Produce as output only the lines below starting at the line with "with Bail Pendant" and continuing through the line with "Sweter damski 48", each one exactly as written.

(Short descriptive text snippets)
↓
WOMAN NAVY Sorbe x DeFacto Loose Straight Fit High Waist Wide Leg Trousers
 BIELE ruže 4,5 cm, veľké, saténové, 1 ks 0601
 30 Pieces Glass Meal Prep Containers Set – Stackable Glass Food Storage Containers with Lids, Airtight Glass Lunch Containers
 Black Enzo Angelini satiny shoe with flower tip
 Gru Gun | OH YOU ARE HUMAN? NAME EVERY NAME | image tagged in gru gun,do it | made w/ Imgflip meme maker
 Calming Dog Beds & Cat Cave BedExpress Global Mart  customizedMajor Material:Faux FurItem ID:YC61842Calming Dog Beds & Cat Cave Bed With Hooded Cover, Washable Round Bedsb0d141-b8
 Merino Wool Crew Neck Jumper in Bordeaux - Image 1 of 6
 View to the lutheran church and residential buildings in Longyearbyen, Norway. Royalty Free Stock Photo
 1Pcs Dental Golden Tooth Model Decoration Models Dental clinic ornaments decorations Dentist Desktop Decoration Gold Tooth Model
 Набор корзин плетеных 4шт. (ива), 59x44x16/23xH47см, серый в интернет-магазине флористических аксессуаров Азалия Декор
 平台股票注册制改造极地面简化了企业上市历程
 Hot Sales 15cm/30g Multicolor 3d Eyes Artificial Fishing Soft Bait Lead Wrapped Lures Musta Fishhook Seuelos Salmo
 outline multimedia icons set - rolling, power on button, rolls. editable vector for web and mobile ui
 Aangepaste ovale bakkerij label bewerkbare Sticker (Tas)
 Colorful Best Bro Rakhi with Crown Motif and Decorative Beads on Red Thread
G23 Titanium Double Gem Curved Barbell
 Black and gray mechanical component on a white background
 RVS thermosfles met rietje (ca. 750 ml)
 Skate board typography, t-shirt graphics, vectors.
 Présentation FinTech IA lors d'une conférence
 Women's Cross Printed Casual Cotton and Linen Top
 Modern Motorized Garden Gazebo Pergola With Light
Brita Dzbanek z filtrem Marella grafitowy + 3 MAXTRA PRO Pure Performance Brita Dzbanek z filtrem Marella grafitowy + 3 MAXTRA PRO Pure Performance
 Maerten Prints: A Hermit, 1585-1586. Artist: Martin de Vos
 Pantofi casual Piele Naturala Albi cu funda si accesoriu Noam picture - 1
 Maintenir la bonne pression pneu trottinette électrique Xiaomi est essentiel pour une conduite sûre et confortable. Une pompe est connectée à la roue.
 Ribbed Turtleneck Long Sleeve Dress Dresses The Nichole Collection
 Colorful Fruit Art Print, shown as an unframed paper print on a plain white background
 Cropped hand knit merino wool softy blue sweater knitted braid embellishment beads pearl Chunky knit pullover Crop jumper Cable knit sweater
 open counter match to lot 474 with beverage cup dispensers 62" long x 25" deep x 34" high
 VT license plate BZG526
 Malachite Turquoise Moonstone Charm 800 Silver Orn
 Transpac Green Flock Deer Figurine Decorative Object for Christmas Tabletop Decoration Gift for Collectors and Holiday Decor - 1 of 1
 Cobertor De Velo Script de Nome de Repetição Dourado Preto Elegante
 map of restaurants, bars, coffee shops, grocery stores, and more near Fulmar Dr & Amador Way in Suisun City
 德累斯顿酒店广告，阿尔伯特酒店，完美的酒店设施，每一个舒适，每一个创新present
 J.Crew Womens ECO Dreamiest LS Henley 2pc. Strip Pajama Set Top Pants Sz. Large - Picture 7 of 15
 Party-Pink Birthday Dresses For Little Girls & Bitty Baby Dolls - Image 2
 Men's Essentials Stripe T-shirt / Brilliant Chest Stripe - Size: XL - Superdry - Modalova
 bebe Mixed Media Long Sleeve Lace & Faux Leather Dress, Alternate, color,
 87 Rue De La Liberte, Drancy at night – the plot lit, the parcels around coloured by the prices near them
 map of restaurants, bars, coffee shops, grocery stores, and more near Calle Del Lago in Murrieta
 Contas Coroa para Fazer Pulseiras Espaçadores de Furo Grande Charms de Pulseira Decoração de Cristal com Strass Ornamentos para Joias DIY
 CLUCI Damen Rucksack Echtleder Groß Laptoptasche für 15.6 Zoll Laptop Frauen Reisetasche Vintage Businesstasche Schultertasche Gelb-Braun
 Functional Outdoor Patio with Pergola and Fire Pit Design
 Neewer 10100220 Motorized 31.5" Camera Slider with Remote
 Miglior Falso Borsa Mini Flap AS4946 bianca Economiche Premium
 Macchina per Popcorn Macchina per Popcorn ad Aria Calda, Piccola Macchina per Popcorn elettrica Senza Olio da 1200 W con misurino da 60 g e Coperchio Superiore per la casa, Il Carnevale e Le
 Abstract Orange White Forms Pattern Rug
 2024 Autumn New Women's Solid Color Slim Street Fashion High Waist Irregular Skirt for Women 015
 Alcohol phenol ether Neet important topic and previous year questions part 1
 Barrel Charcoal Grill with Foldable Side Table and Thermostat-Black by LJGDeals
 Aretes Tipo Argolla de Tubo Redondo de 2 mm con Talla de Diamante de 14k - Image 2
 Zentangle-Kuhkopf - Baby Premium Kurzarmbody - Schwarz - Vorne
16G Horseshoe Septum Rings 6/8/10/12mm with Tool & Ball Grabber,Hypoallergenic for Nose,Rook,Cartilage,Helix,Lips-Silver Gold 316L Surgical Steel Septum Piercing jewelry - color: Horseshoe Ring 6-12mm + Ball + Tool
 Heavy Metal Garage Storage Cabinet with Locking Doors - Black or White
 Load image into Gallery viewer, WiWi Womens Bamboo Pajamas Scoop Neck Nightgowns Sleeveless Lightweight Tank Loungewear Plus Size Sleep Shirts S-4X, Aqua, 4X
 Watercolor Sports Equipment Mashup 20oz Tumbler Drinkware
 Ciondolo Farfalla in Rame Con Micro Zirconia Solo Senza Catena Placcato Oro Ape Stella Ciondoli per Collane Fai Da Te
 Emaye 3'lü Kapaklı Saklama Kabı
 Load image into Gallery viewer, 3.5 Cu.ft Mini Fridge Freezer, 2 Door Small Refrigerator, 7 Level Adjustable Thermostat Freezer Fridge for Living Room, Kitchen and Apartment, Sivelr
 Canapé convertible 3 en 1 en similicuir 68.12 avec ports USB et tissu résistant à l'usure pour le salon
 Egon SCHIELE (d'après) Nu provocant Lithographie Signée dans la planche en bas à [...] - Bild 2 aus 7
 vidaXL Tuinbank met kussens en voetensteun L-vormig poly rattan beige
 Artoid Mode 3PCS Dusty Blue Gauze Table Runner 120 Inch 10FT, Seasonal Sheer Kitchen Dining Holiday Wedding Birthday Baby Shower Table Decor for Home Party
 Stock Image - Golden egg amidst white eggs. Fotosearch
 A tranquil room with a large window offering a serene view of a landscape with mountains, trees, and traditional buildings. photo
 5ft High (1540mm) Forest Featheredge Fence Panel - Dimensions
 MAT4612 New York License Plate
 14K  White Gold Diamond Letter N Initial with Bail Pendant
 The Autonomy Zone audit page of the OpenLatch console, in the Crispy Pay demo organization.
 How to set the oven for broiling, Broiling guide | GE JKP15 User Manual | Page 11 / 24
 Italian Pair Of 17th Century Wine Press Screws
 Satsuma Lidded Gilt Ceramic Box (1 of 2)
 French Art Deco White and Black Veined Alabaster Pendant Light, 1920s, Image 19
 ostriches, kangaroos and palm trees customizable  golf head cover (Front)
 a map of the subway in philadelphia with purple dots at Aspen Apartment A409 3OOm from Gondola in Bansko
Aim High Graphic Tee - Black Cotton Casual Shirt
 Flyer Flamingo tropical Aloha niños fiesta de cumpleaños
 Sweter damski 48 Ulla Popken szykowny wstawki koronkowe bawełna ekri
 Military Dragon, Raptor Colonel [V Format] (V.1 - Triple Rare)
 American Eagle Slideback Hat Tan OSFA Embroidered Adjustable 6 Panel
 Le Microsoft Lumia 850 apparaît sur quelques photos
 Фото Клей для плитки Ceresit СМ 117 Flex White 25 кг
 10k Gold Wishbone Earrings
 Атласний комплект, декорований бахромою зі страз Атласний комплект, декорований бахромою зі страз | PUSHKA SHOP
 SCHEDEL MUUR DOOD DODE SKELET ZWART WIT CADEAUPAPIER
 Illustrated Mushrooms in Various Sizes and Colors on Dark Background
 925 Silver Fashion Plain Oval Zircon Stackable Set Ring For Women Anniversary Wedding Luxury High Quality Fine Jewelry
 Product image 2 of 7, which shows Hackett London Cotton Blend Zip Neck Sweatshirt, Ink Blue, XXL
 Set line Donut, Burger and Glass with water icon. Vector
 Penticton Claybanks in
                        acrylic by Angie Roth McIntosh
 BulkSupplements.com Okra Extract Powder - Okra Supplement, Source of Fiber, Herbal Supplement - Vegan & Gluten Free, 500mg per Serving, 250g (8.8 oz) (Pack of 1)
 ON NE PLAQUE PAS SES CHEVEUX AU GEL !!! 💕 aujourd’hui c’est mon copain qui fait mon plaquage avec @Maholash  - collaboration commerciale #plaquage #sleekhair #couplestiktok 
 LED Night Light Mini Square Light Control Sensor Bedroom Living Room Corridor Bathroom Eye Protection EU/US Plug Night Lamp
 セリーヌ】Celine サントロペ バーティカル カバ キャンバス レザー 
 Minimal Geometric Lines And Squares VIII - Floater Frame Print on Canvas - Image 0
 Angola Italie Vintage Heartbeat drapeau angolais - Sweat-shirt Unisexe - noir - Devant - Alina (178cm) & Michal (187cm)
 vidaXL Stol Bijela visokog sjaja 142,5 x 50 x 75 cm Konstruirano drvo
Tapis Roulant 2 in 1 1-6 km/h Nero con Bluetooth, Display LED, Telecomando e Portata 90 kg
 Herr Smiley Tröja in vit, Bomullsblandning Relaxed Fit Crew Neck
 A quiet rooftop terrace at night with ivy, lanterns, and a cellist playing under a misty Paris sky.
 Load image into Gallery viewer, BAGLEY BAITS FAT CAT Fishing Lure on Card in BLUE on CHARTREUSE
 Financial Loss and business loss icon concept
↑
- **Result**:
 14K  White Gold Diamond Letter N Initial with Bail Pendant
 The Autonomy Zone audit page of the OpenLatch console, in the Crispy Pay demo organization.
 How to set the oven for broiling, Broiling guide | GE JKP15 User Manual | Page 11 / 24
 Italian Pair Of 17th Century Wine Press Screws
 Satsuma Lidded Gilt Ceramic Box (1 of 2)
 French Art Deco White and Black Veined Alabaster Pendant Light, 1920s, Image 19
 ostriches, kangaroos and palm trees customizable  golf head cover (Front)
 a map of the subway in philadelphia with purple dots at Aspen Apartment A409 3OOm from Gondola in Bansko
Aim High Graphic Tee - Black Cotton Casual Shirt
 Flyer Flamingo tropical Aloha niños fiesta de cumpleaños
 Sweter damski 48 Ulla Popken szykowny wstawki koronkowe bawełna ekri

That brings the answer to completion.